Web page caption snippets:
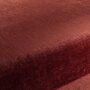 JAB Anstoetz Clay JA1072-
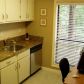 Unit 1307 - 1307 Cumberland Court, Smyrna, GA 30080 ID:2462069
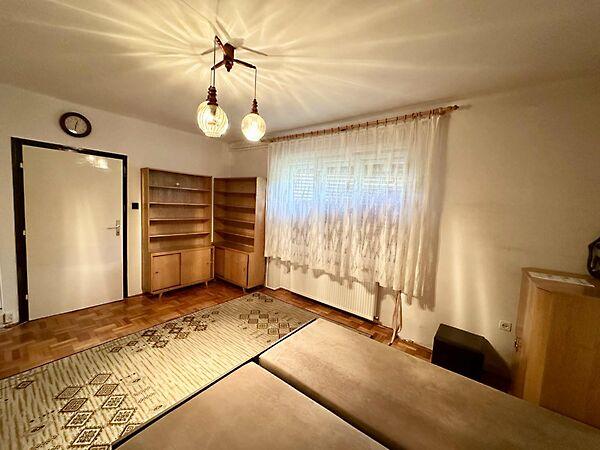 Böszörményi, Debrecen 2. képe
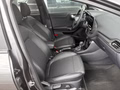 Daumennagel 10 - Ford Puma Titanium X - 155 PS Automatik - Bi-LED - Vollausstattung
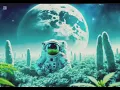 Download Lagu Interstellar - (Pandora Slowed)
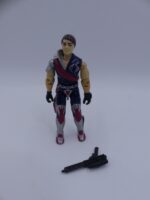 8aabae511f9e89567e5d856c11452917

# What the task requires:
Every line from the one containing "Böszörményi, Debrecen 2. képe" to the final line of the records should be duplicated exactly; no picture is to be copied.

# Response to the task:
 Böszörményi, Debrecen 2. képe
 Daumennagel 10 - Ford Puma Titanium X - 155 PS Automatik - Bi-LED - Vollausstattung
 Download Lagu Interstellar - (Pandora Slowed)
 8aabae511f9e89567e5d856c11452917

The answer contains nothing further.